Some time ago I was curious about a question related to my bath towel, which I hang on a rope to have fun (you can use your own towel to do this experiment in bath-o if you want): 'There is this rectangle with sides $a<b$. The rectangle is bent along a line that passes through the center of the rectangle. At which angle $\alpha$ (should we bend the rectangle in order to get the minimum area of crossing intersection?' - the solution is posted in OEIS
By now I'd like to find a solution for a similar problem but related to a spheric rectangle. I know I can't bend the rectangle on sphere. However, I guess it's possible to use reflection of a relatively large circle to find coordinates of vertices in Cartesian coordinates. My problem is that I have not realized how to do it and how to calculate the area of the self-intersection on a sphere with radius $R$ centered at the origin?

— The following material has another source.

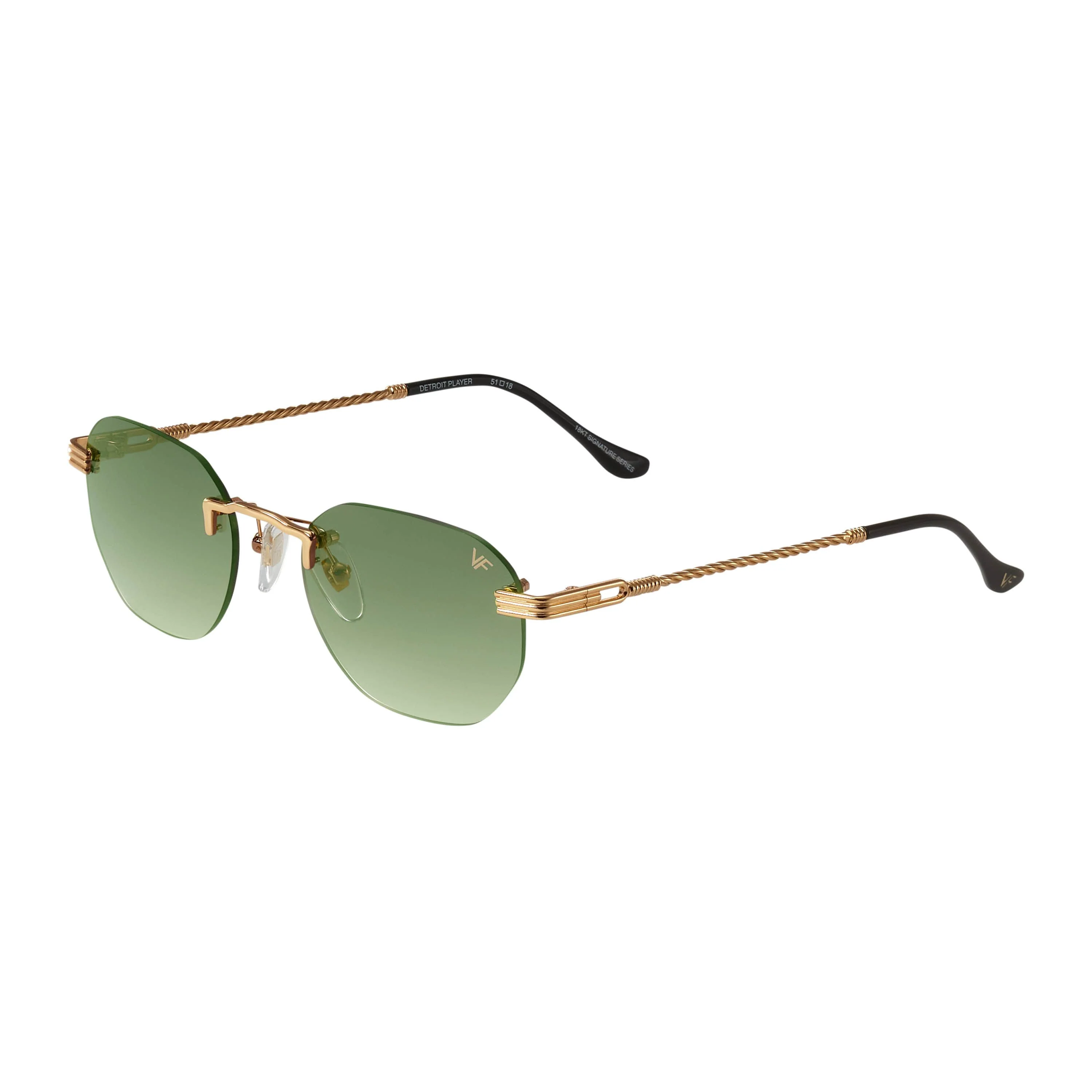 Product image 93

Firstly, I considered the area of the spheric rectangle to see how it works for a small area$S=R^{2}(\theta+\theta+\theta+\theta - 2\pi)=R^{2}(4\theta - 2\pi)$. Let denote the vertices of the spheric rectangle by $$ v_{1} = (A, B, C),\qquad v_{2} = (A, -B, C),\qquad v_{3} = (A, -B, -C),\qquad v_{4} = (A, B, -C). $$ Of course, $A^{2} + B^{2} + C^{2} = R^{2}$. (Spherical rectangle is a quadrilateral having equal opposite sides but non-parallel & all the interior angles are equal in magnitude & each one is greater than $90^\circ$.) This resulted in the area $S= R^{2}(4\theta - 2\pi) = R^{2}(2\pi - 4\arccos(\tan\frac{a}{2R} \tan\frac{b}{2R}))$.
So, Tylor series (if $R=1$): $S=2\pi - 4(\pi/2-\frac{a}{2} \frac{b}{2})=ab$ like for area of rectangle on plane.
Any ideas on finding area of the spherical polygon while 'folding' spherical rectangle are highly welcomed.